OTTAWA, May 27, 2004 “? With the launch of a national campaign today, students from coast-to-coast will challenge voters and political candidates to prioritize post-secondary education in next month’s federal election. An initiative of the Canadian Alliance of Student Associations, the ‘Think Education’ campaign also aims to promote youth participation in the electoral system.
“It’s time that we had a serious debate in this country on the current state and future of our post-secondary education system,” said James Kusie, National Director of the Canadian Alliance of Student Associations (CASA). Ten years of cuts to transfer payments have resulted in the largest tuition increases in Canadian history and students expect commitments from all political parties on restoring funding for colleges and universities.
The focal point of ‘Think Education’ is an interactive website (www.thinkeducation.ca) designed to educate voters and provide them with the tools to get involved. The website will also serve as a resource for young people seeking information on the electoral process. Additionally, the campaign will feature newspaper and radio advertising, events in ridings across the country, and the release of two important reports on student poverty and youth engagement in the politics.

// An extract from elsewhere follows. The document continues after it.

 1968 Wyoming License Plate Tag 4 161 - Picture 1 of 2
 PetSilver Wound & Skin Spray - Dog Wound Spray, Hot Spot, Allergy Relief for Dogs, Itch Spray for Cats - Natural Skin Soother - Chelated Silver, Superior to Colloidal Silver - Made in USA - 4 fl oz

A distinctive feature of the campaign website is an interactive tool that allows parents to forecast the costs of their children’s education. Based on historical data from Statistics Canada, the cost calculator considers the province and program of study in its projections.
“When Canadians see what it will cost for their children to get a degree, they’ll demand that the federal government reinvest post-secondary education,” said Kusie. CASA is advocating for an increase of $3.9 billion in annual funding to colleges and universities through the creation of a dedicated transfer to the provinces for post-secondary, and the expansion of grants for students from low-income families.
CASA is a non-partisan, non-profit organization representing 19 student governments and nearly 300,000 college and university students from coast-to-coast.